The Trump administration rejected two-thirds of royalty relief requests from onshore oil and gas companies struggling with fallout from the coronavirus pandemic earlier this year, according to a government watchdog report released Oct. 6.

Bureau of Land Management (BLM) offices approved 581 out of 1,689 requests for temporary royalty relief between March 24 through June 11 of this year, cutting the rates to an average of less than 1% from 12.5% for 60 days, the analysis by the U.S. Government Accountability Office (GAO) found.

Companies pay the royalties to drill on federal land.

The report looked at only the five biggest BLM state offices, which together oversee 94% of federal oil and gas production.

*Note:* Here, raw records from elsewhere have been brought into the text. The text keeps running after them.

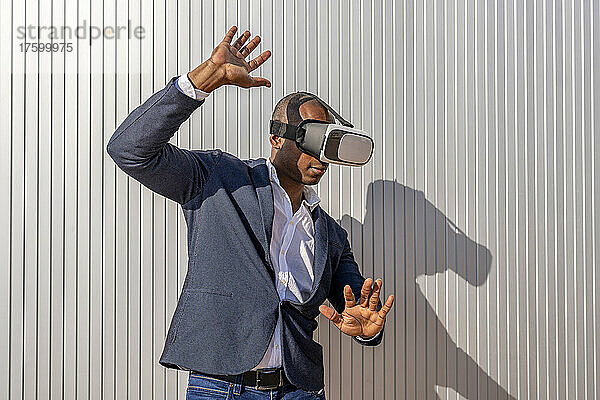 Geschäftsmann mit Virtual-Reality-Simulator gestikuliert an einem sonnigen Tag vor der Wand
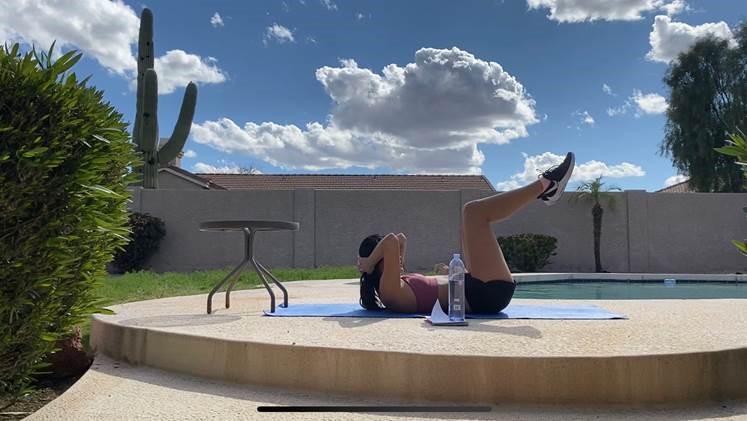 Student doing virtual yoga out by the pool on a sunny day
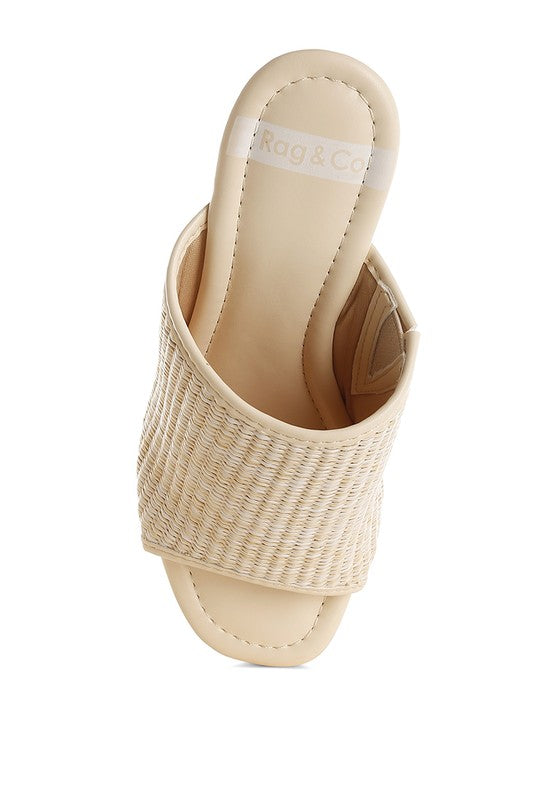 Marengo Raffia Wooden Clogs from My Pampered Life Seattle featuring woven raffia straps and wooden soles.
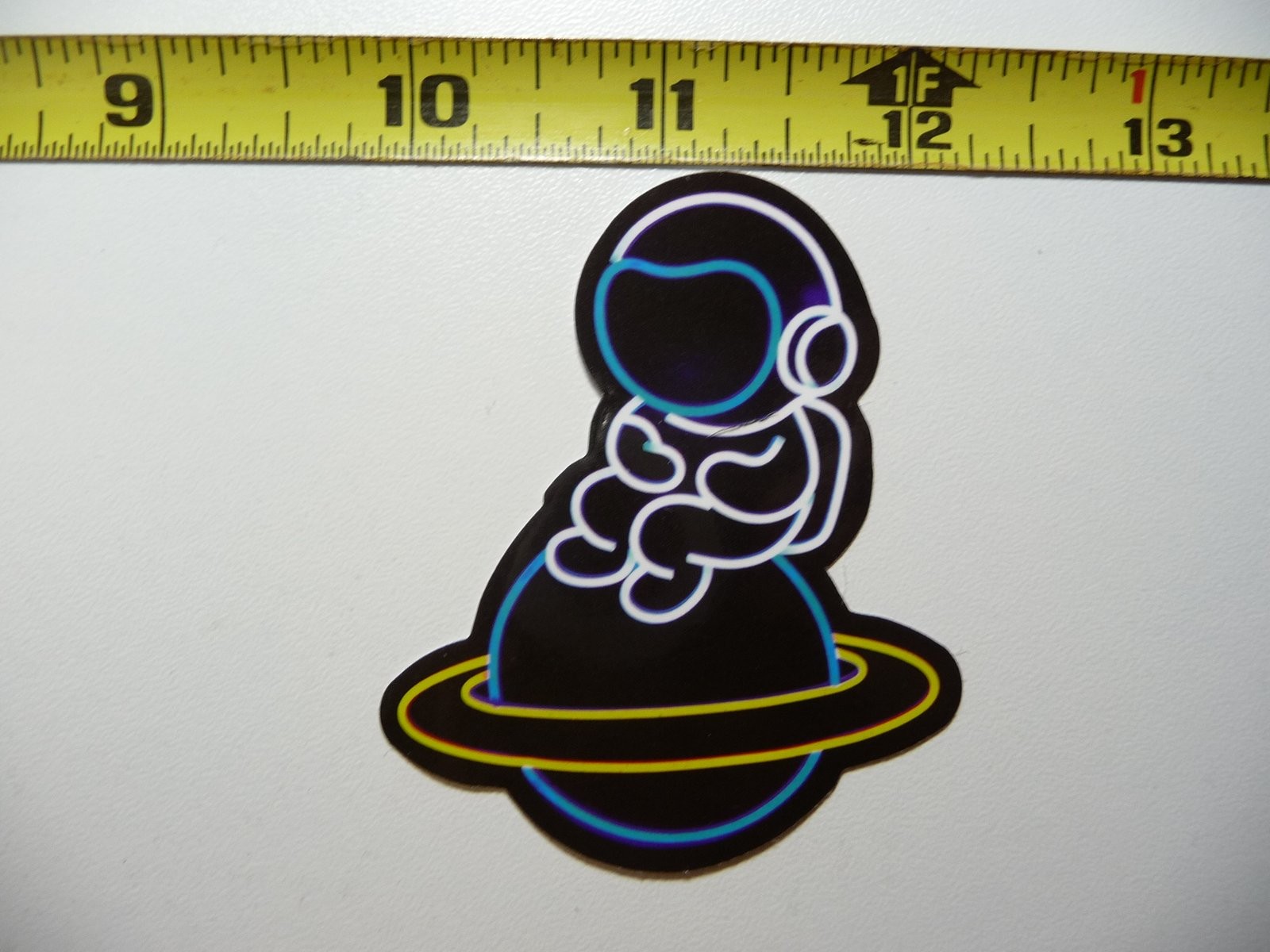Astronaut Riding Saturn Neon Sticker Decal Colorful Fun Space Art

It estimated that the relief resulted in about $4.5 million worth of forgone public revenues in May and June.

BLM fielded individual applications for royalty reductions from drillers this past spring after rejecting industry calls for broad cuts to help them grapple with meager energy demand and battered prices caused by the health crisis.

The GAO analysis criticized the BLM for an inconsistent approach to the relief requests from one state to another.

The Montana office, for instance, approved 95% of applications received, while New Mexico received just two requests and rejected both. Wyoming received more than 1,000 applications and approved 28%.

The GAO also faulted the BLM for not requiring companies to show evidence their wells would have been shut without a reduction in royalty rates. “As a result, royalty relief may have gone to companies that would not have shut down their wells without the relief,” the report said.

In a statement, BLM spokesman Derrick Henry said it had only approved royalty rate reductions that were “in the best interest of the United States, and when it would encourage the greatest ultimate recovery of our natural resources.”

The report recommended the agency evaluate the temporary relief program and update a 1995 handbook to provide consistent policies.